(SUPPLIED RECORDS begins)
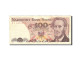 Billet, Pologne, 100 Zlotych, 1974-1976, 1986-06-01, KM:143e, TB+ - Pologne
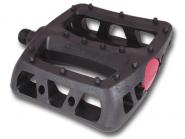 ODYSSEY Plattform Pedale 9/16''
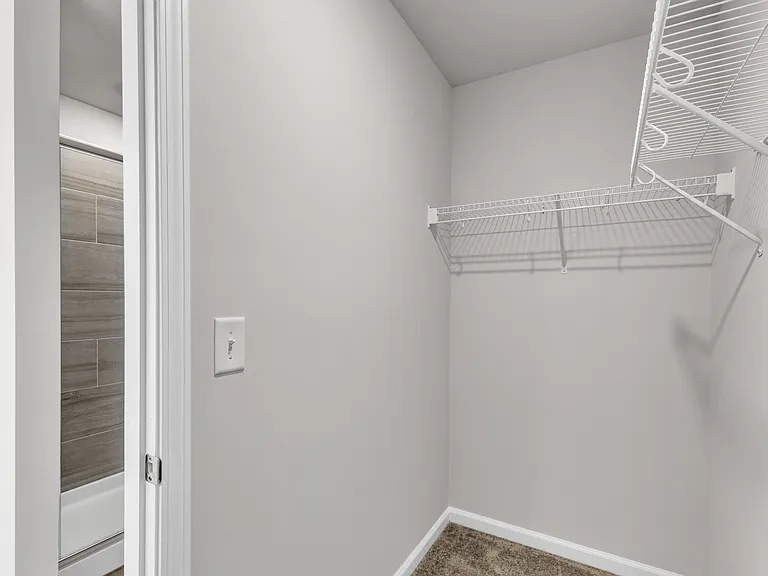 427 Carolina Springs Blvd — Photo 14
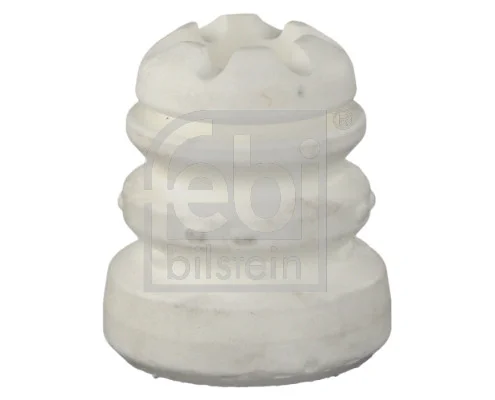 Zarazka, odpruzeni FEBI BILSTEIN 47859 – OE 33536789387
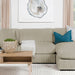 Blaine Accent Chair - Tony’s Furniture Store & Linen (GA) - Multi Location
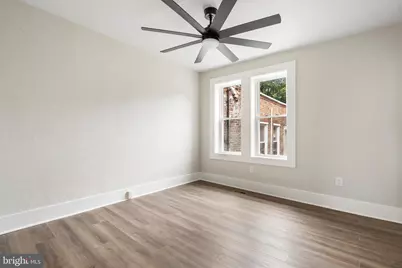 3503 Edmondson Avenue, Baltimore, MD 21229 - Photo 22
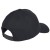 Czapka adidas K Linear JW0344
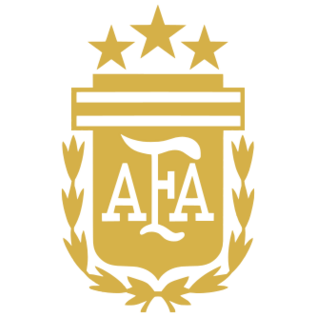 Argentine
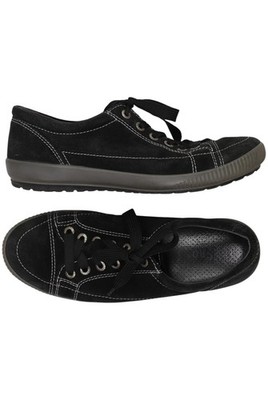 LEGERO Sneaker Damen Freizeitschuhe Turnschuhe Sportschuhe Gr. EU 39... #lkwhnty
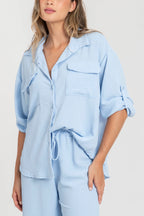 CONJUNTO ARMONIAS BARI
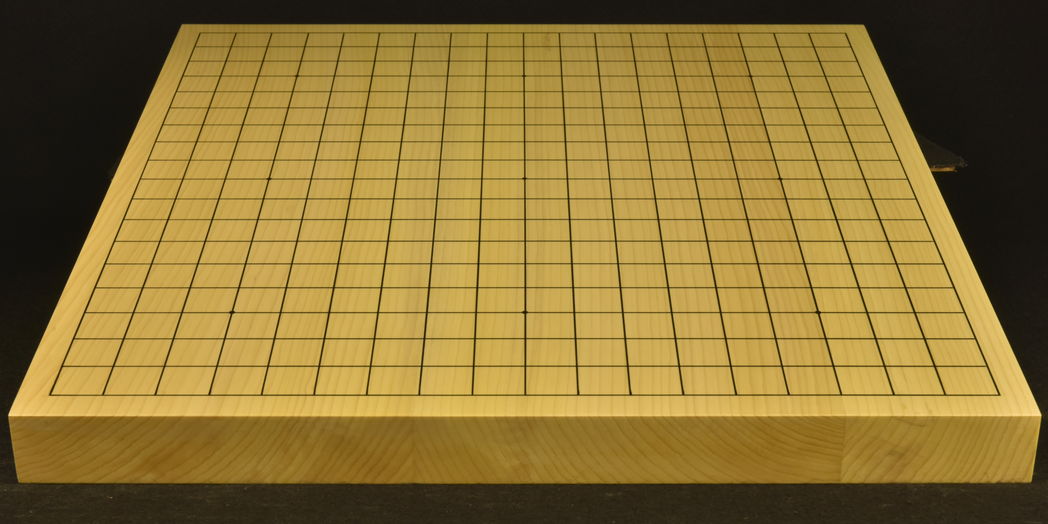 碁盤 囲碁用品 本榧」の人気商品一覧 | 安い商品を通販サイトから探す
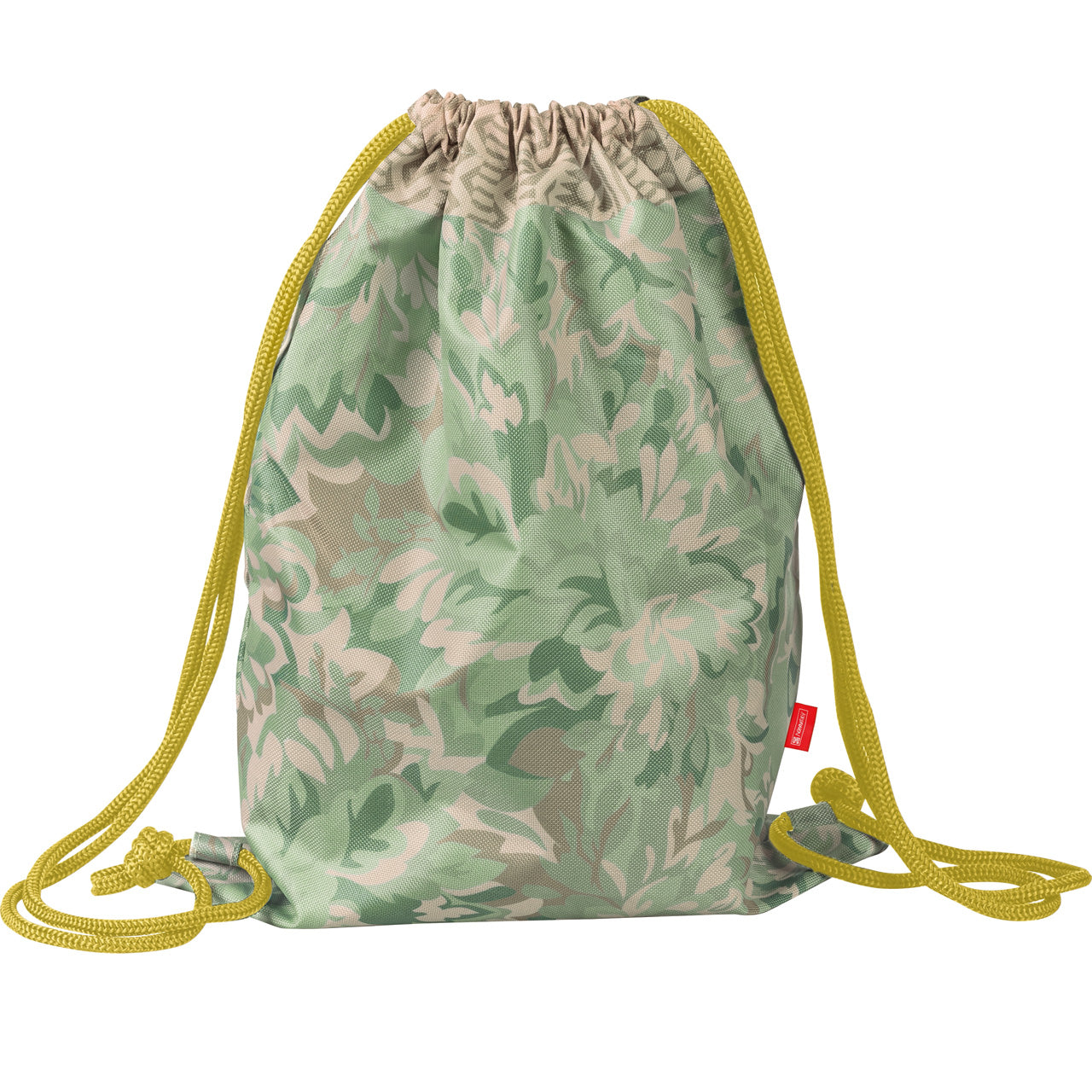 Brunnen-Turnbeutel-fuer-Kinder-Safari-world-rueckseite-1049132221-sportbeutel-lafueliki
(SUPPLIED RECORDS ends)
Give back the lines from the one containing "Zarazka, odpruzeni FEBI" through the last line of the records above exactly as they appear, both included, and no pictures.

 Zarazka, odpruzeni FEBI BILSTEIN 47859 – OE 33536789387
 Blaine Accent Chair - Tony’s Furniture Store & Linen (GA) - Multi Location
 3503 Edmondson Avenue, Baltimore, MD 21229 - Photo 22
 Czapka adidas K Linear JW0344
 Argentine
 LEGERO Sneaker Damen Freizeitschuhe Turnschuhe Sportschuhe Gr. EU 39... #lkwhnty
 CONJUNTO ARMONIAS BARI
 碁盤 囲碁用品 本榧」の人気商品一覧 | 安い商品を通販サイトから探す
 Brunnen-Turnbeutel-fuer-Kinder-Safari-world-rueckseite-1049132221-sportbeutel-lafueliki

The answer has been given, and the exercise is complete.